Regarding the Revell and Airfix Mayflowers - the two companies' interpretations of the ship are quite different. Both Revell kits are based on the Mayflower II, the only difference between them being the scales. (The smaller one is about 16" long overall; I don't remember just how long the larger one is. Woodburner - are you there?) I'm not sure what the origin of the Airfix design was. It bears some resemblance - but only some - to the reconstructed version done by R.C. Anderson back in the 1920s or thereabouts.
All three kits are quite good. The Airfix one doesn't have quite the level of detail of the Revell ones; the planks don't have "wood grain," and the gunports are represented as countersunk squares, with "dummy" gun barrrels plugged into holes in their middles. (The Revell kits have their gunport lids molded shut.) If I had all the time in the world I'd consider building both, as a demonstration of how much variation there can be in interpreting the shapes of old ships about which so little hard information is available.
Regarding Mondfeld and the Revell Golden Hind - I don't have Mr. Mondfeld's book in front of me (it's in the workshop, which is in the back yard, and it's pouring down rain at the moment), so it would be improper for me to offer any really specific comments. I did, however, dig up a review of the book, by the late Dana McCalip, in the Nautical Research Journal. (Dana was a friend of mine; he knew what he was talking about.) He gives the publication date of the book as 1985. (That's the English-language edition; the original German one may have appeared a little earlier, but not much.) The Revell Golden Hind kit was originally issued, according to Dr. Graham's book, in 1965. I think we can rule out the possibility that Mr. Mondfeld's book had anything to do with the origin of the kit. (I suppose it's conceivable that things worked the other way around: that Mr. Mondfeld based his drawing on the Revell kit. But I doubt it. He seems to have had little if any interest in plastic models.)
Revell seems to have been rather secretive, for some reason, about the historical sources on which that kit is based. In another Forum thread another member, Papillon, matched it with a set of plans in a book published by a German author, Rolf Hoeckel, in a book entitled Risse von Kriegschiffe des 17th Jh, which apparently was originally published sometime in the 1940s. I got hold of a copy of that book; the plans in it do indeed match the Revell kit quite closely. I remain uncertain whether Mr. Hoeckel drew them himself, or based them on some other source. (A couple of British authors, Clive Millward and Stanley Rodgers, published plans of Elizabethan ships at about the same time; I haven't compared their plans and Mr. Hoeckel's closely. Nor can I say for certain how, if at all, those plans relate to the ones in the Mondfeld book.)
What's most important, I think, is that the plans - whatever their origin - are good. I continue to put the Revell Golden Hind (along with the same company's two versions of the Mayflower) high on my personal list of the best plastic sailing ship kits.
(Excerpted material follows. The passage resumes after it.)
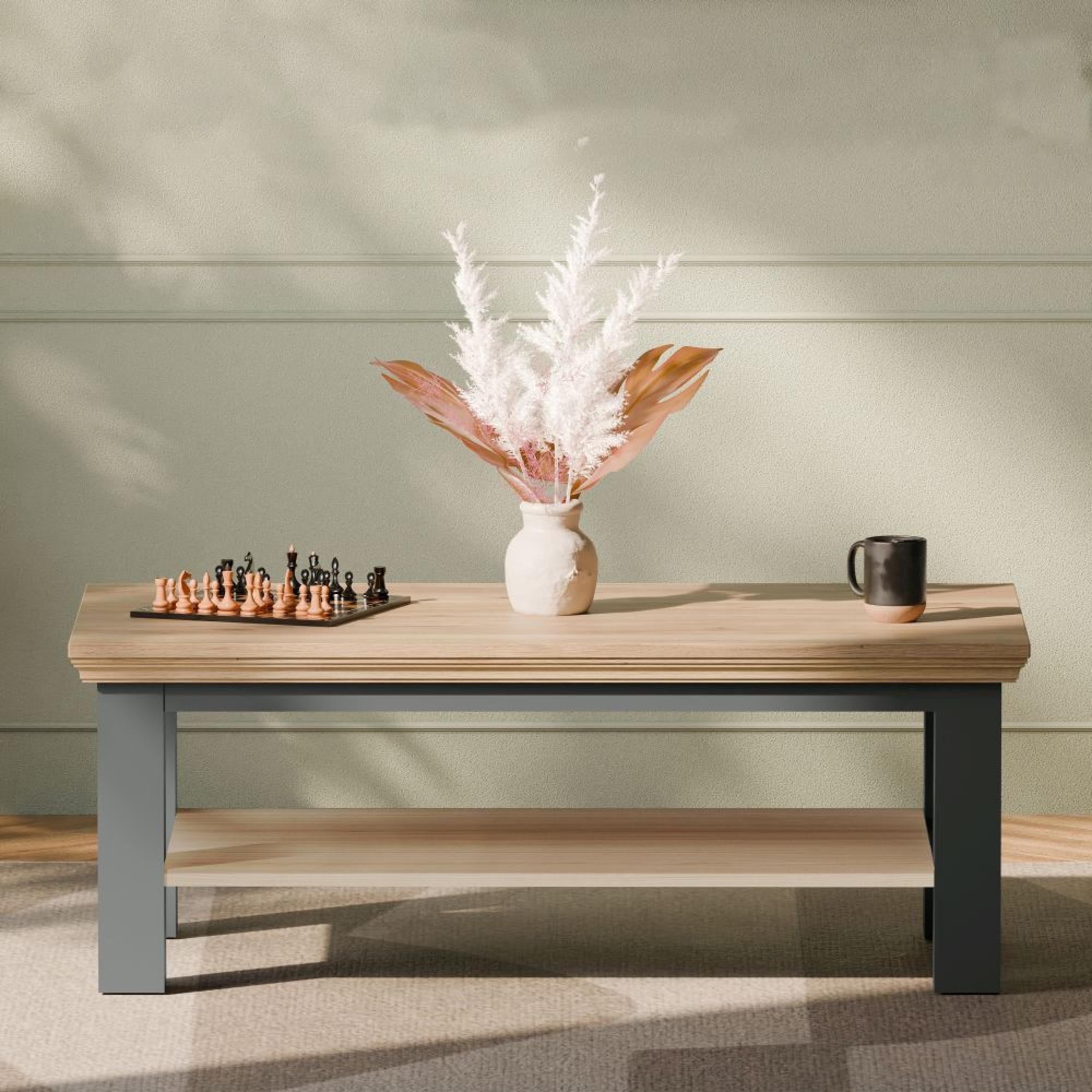 Pontypool Coffee Table - Large - Dark Grey and Light Oak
This brings up another general topic: the reliability of the Mondfeld book, which seems to be pretty popular (and recently appeared in a new paperback edition). I'm not really familiar with Mr. Mondfeld's credentials; he seems to know a good deal about ships and ship models. But scarcely any of the illlustrations in that book are original. Dana McCalip's review of it makes the same observation I made the first time I looked at it: most of the drawings are copied out of other secondary sources. Dana comments that "it was quite obvious that Mondfeld had copied or traced the works of these other authors and made slight variations to avoid copyright infringement," and calls it "puzzling...that there are no acknowledgments as to the sources of information in the book or whom the illustrations were based on." He goes on to note that, while the book is useful as a highly generalized introduction to the subject, it is not to be relied upon for information about specific ships.
My opinion of the book is about the same. There aren't a lot of "beginner books" on ship modeling - and few of the ones that are available are much good. (Many of the "beginner book" authors, I fear, never got beyond beginner status themselves. And veteran ship modelers tend to write books and articles that show off advanced techniques, which beginners are likely to find either confusing or discouraging.) When people ask me to recommend books for newcomers to the hobby, Mr. Mondfeld's book is always high on the list I give them. (Others include George Campbell's Neophyte Shipmodeler's Jackstay and Ben Lankford's How To Build First-Rate Ship Models From Kits.) Dana McCalip says that the errors and omissions from Mr. Mondfeld's book are "a shame, because what could have been an outstanding compendium on the subject can only be considered average. I would still heartily recommend this book to any serious minded beginner as a book to use as a foundation on which to build a more comprehensive liberary." I agree.